Even with this extra help, the mistakes kept coming. When I came to attach the collar I was frantic that mine was too small and wouldn’t fit the shirt. It was a truly baffling sewing moment – I just couldn’t work out how I’d got the collar sizing wrong. After much muttering and remeasuring and mentally writing an email to Style Arc I realised I had missed a vital instruction on one of the diagrams: the collar and shirt notches need to be matched first and THEN the shirt needs to be eased into the collar – just like easing in a sleeve. Again, a more experienced sewist would have done this step automatically (Kate realised she had made the same mistake at this step too, but brought in her plackets to fit, which means her collar doesn’t sit quite right).

 

Blaire

 

Blaire

 

My only other word of caution when it comes to the instructions is in regard to the placket/button band. The shirt front tab is entirely fused with interface, which makes the two plackets a little bulkier than I’d like. The Archer pattern only fuses half of the button band and does not interface the seams – I think I’ll try this on my next Blaire.
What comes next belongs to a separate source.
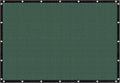 VICLLAX Shade Fabric Sun Shade Cloth with Every 2 FT Grommets for Patio Garden Pergola Cover Canopy 4x21 FT, Dark Green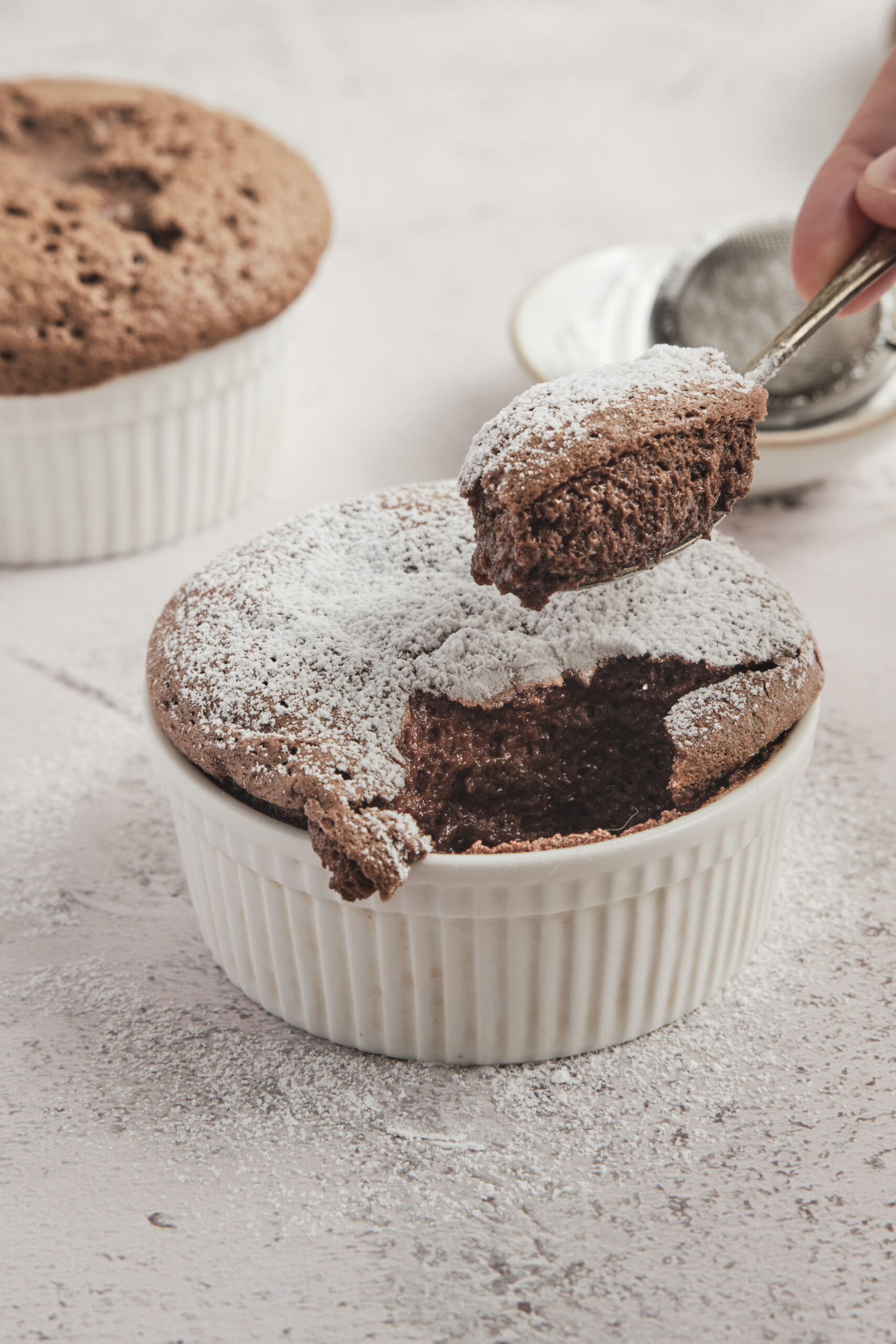 Chocolate Soufflé - bakedbree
The pattern only instructs you to add the first front placket – it’s logical to add the second in the same way but it’s just not mentioned, which again had me scratching my head for a while. Can you tell I rely heavily on my pattern instructions!

 

Blaire

 

Luckily I got there in the end, and I’m so happy with the result that I’ve (almost) forgotten the pain of my mistakes. I just love the shape and lines of this shirt, I’ve been wearing it quite a lot and I even get comments…though it could just be the shock of colour!? I’d love to make another Blaire but sadly the weather has decided to flash straight to arctic winter. Luckily this one has a pretty cute collar that would peek out nicely from under a woolly jumper so I plan to wear it all winter long. Perhaps I am a purple person after all.